**WHAT THE TASK ASKS:** From the line that contains "Thumbnail: 2024 Chrysler Pacifica - 2" to the last line of the entries, set down each line exactly as written, both ends included, with nothing else.

**DATA SUPPLIED:**
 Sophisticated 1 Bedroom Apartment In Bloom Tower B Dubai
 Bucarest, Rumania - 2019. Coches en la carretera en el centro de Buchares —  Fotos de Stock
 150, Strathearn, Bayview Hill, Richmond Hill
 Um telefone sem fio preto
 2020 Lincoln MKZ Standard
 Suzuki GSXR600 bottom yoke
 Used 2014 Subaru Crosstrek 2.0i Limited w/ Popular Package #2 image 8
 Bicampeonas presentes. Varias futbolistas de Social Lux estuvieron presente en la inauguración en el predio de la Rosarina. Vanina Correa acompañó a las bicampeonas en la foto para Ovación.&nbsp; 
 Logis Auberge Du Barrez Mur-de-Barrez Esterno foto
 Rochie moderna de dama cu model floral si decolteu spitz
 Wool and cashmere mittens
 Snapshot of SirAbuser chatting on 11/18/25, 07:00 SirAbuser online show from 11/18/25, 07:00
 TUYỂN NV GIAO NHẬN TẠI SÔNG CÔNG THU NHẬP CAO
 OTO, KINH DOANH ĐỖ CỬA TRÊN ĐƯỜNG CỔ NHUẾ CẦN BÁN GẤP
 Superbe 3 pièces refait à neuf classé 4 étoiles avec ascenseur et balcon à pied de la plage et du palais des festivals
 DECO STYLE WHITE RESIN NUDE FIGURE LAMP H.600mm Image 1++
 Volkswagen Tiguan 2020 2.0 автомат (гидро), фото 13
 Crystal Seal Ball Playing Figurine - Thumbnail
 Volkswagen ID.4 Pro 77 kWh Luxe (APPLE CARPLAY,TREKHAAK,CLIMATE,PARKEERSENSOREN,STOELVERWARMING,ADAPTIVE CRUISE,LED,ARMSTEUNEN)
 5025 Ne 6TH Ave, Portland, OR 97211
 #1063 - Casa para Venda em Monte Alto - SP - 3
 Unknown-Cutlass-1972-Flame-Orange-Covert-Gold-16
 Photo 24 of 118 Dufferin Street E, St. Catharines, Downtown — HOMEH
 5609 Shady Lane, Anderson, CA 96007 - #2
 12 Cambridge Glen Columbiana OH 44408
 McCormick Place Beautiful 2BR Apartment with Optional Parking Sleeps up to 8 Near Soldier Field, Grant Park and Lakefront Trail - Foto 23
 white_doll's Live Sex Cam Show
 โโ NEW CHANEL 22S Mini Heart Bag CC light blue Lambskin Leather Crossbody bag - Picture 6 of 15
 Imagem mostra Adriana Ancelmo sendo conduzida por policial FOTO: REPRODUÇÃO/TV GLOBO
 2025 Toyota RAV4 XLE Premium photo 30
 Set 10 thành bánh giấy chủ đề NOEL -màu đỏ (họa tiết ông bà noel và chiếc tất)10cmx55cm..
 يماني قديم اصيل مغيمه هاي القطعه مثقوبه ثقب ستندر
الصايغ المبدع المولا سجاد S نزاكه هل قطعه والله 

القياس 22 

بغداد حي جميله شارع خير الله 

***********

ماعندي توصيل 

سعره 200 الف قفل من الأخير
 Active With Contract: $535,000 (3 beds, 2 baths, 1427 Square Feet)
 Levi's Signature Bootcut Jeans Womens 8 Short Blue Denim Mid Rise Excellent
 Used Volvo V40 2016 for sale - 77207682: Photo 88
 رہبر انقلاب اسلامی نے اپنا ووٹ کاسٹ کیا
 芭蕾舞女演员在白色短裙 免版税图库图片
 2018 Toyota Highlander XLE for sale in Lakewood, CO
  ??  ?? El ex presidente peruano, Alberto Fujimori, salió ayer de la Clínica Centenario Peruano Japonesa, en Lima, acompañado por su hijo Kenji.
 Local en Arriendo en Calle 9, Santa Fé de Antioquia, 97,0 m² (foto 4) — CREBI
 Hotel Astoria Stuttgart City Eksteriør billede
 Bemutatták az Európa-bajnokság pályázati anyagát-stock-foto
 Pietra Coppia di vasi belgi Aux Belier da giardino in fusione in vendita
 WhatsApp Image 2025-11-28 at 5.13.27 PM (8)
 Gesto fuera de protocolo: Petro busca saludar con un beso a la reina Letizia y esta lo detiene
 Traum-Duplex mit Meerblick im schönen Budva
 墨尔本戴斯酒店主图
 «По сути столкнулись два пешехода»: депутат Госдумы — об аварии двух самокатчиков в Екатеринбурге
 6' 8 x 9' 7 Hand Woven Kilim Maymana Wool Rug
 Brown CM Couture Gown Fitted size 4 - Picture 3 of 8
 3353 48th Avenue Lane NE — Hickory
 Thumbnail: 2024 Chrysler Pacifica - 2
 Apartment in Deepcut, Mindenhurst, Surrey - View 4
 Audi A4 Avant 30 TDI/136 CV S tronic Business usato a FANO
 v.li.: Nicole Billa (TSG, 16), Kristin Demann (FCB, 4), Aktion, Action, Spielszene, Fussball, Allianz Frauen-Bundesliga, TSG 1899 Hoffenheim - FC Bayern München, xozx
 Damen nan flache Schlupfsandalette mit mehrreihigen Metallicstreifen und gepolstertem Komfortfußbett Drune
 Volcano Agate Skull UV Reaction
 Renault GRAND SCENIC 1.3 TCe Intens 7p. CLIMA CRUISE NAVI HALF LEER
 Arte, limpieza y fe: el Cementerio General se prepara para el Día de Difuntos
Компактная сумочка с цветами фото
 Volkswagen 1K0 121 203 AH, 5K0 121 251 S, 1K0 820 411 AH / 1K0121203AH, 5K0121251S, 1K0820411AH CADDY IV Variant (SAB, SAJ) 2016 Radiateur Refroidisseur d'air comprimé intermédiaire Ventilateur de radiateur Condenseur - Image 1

**EXERCISE ANSWER:**
 Thumbnail: 2024 Chrysler Pacifica - 2
 Apartment in Deepcut, Mindenhurst, Surrey - View 4
 Audi A4 Avant 30 TDI/136 CV S tronic Business usato a FANO
 v.li.: Nicole Billa (TSG, 16), Kristin Demann (FCB, 4), Aktion, Action, Spielszene, Fussball, Allianz Frauen-Bundesliga, TSG 1899 Hoffenheim - FC Bayern München, xozx
 Damen nan flache Schlupfsandalette mit mehrreihigen Metallicstreifen und gepolstertem Komfortfußbett Drune
 Volcano Agate Skull UV Reaction
 Renault GRAND SCENIC 1.3 TCe Intens 7p. CLIMA CRUISE NAVI HALF LEER
 Arte, limpieza y fe: el Cementerio General se prepara para el Día de Difuntos
Компактная сумочка с цветами фото
 Volkswagen 1K0 121 203 AH, 5K0 121 251 S, 1K0 820 411 AH / 1K0121203AH, 5K0121251S, 1K0820411AH CADDY IV Variant (SAB, SAJ) 2016 Radiateur Refroidisseur d'air comprimé intermédiaire Ventilateur de radiateur Condenseur - Image 1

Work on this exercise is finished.